◆ **Work instructions**:
What you give back from the listing below should be an exact copy of the lines from the one with "Striped Color Contrast" down to the one with "コート メンズ ビジネスコート", and it should contain no pictures.

◆ **Supplied data**:
++++++++++

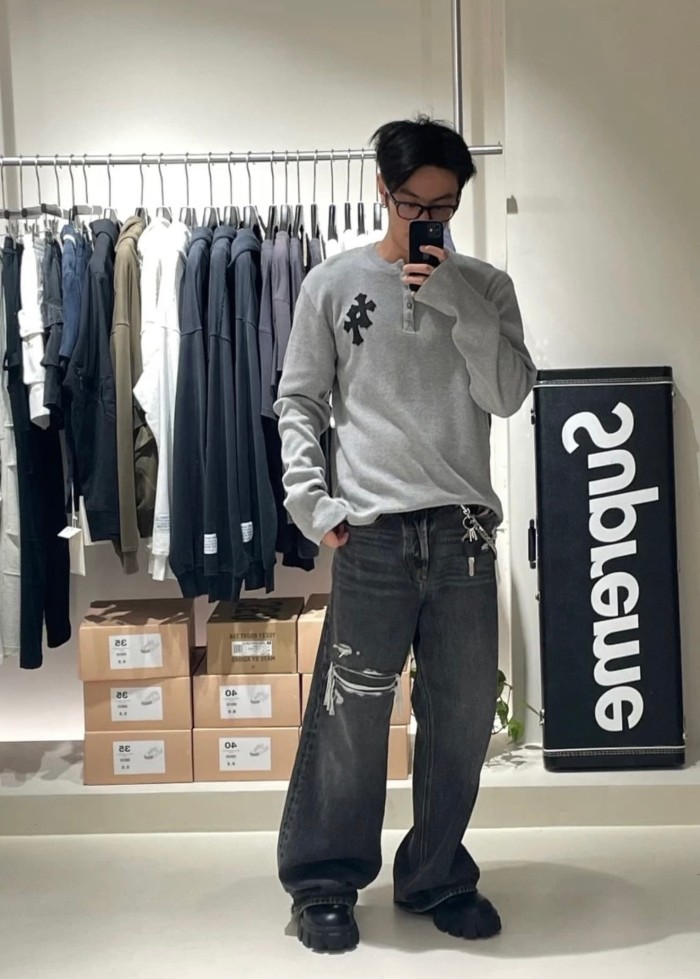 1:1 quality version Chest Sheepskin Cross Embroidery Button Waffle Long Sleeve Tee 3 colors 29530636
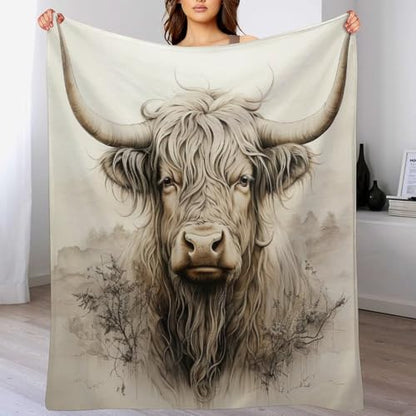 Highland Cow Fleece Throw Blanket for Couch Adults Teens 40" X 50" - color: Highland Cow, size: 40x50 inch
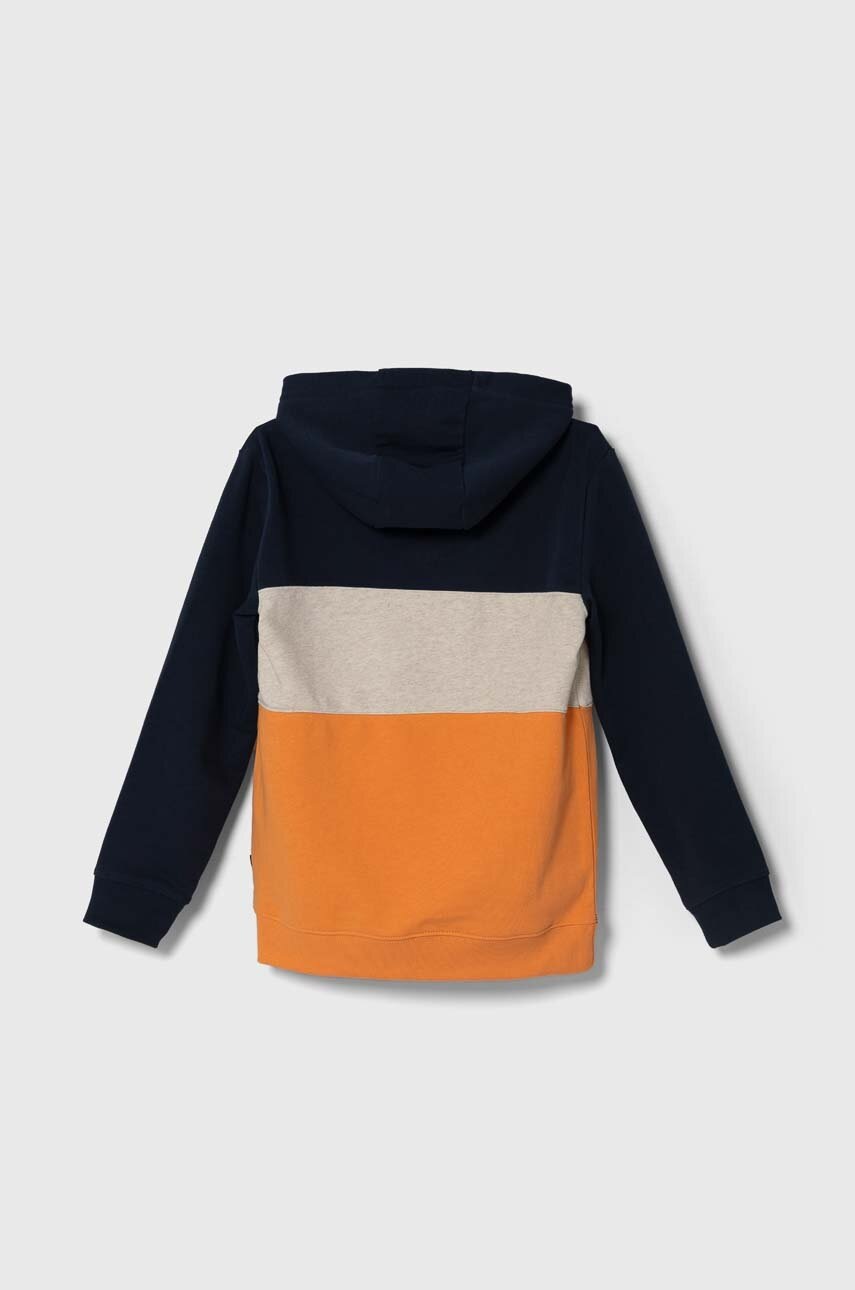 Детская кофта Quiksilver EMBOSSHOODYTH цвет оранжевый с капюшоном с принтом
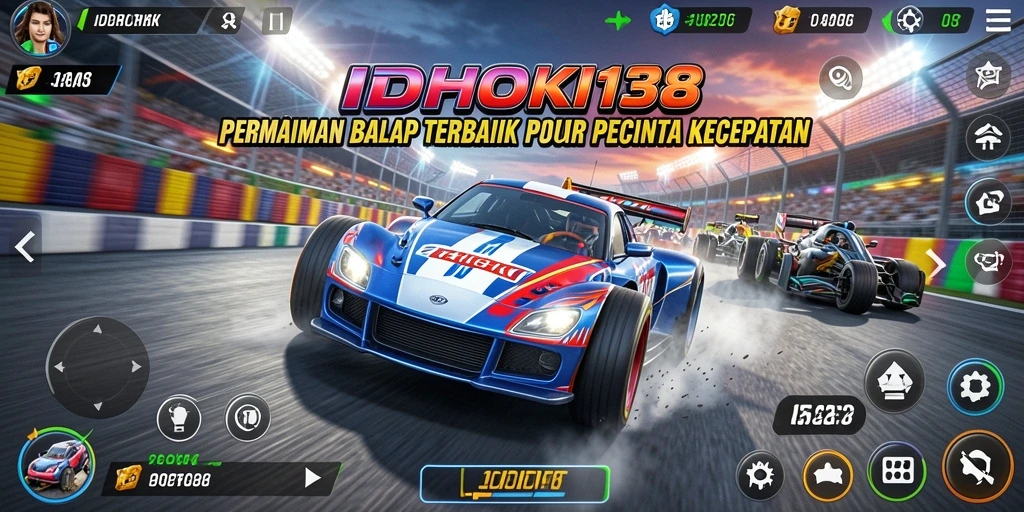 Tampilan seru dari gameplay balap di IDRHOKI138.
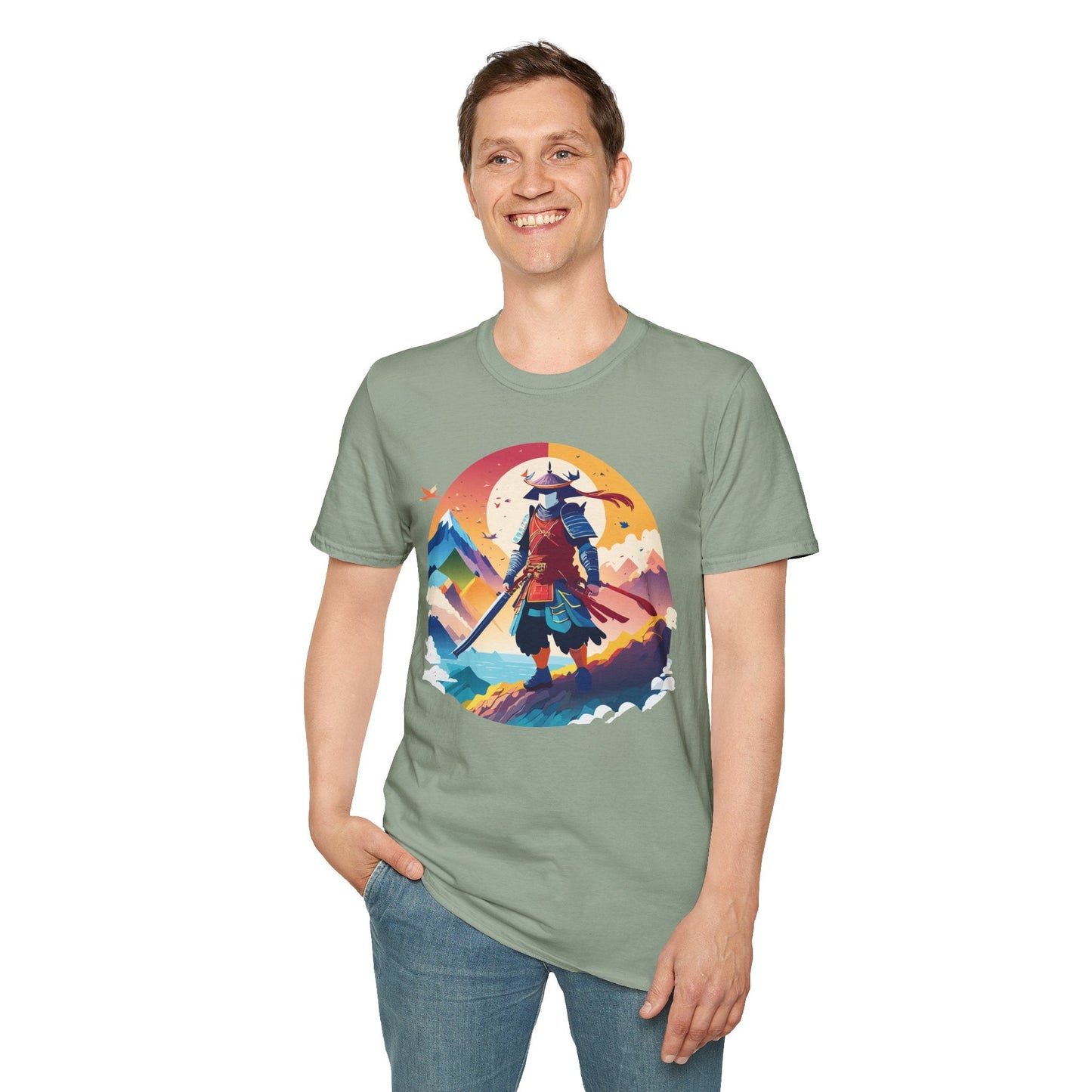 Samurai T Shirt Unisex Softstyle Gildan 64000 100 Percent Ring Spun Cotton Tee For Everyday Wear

++++++++++

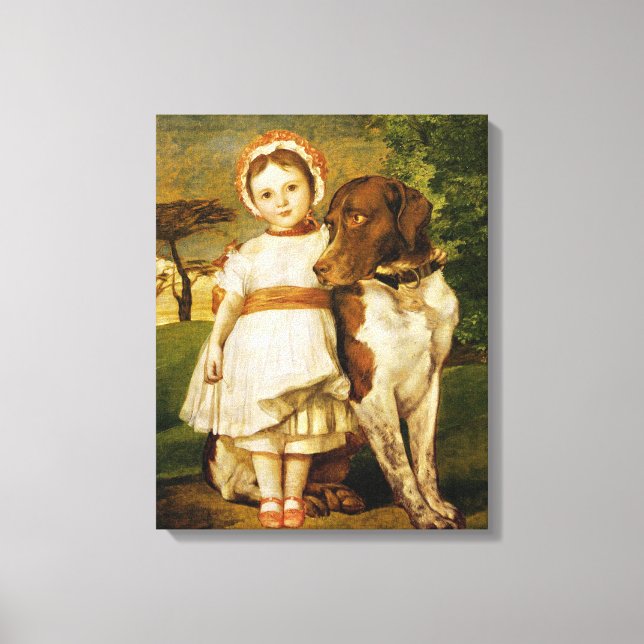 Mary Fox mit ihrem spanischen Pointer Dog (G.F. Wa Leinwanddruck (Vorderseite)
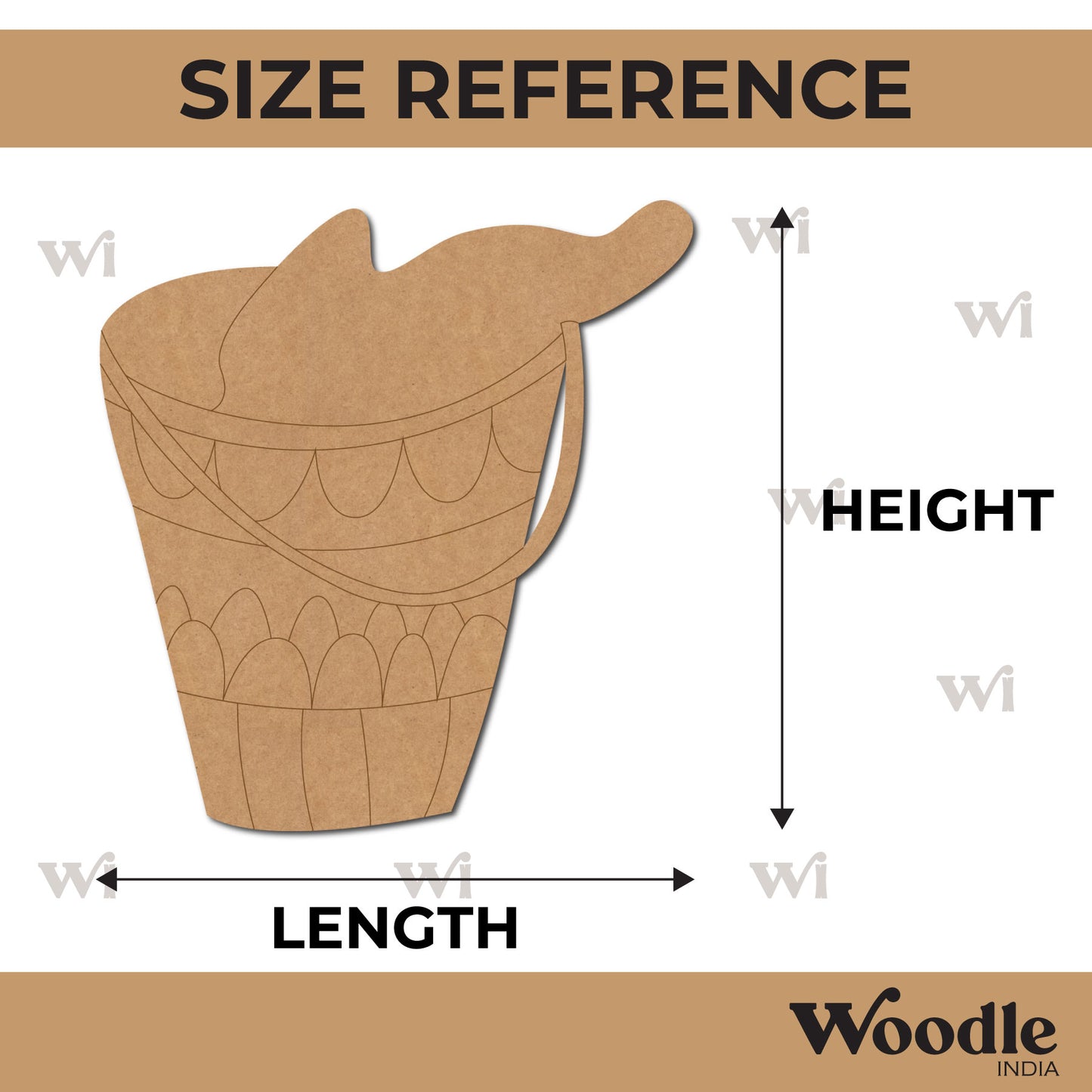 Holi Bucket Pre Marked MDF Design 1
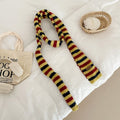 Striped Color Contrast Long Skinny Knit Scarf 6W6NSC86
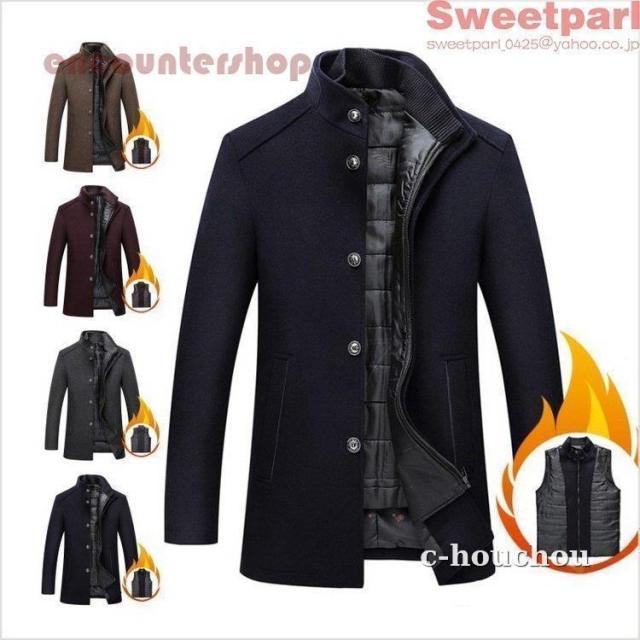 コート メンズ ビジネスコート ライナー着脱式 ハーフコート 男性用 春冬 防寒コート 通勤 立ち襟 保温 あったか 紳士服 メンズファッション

++++++++++

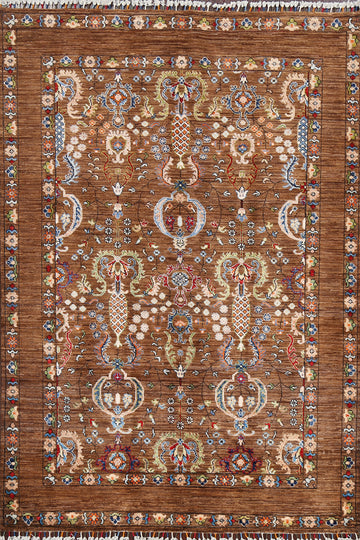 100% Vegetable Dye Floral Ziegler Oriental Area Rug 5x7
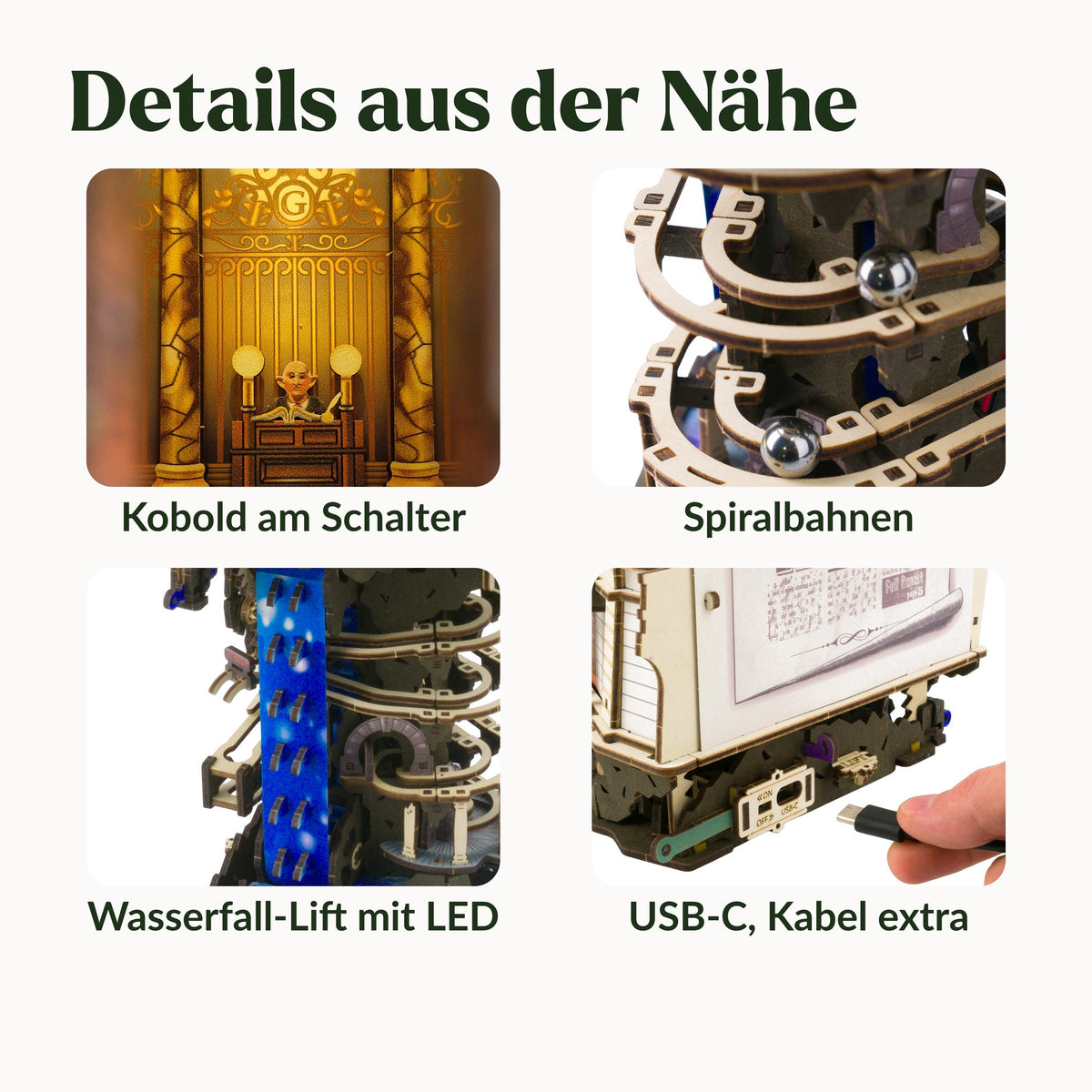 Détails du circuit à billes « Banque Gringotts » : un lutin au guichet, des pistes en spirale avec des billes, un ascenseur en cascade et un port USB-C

++++++++++

◆ **Exercise result**:
 Striped Color Contrast Long Skinny Knit Scarf 6W6NSC86
 コート メンズ ビジネスコート ライナー着脱式 ハーフコート 男性用 春冬 防寒コート 通勤 立ち襟 保温 あったか 紳士服 メンズファッション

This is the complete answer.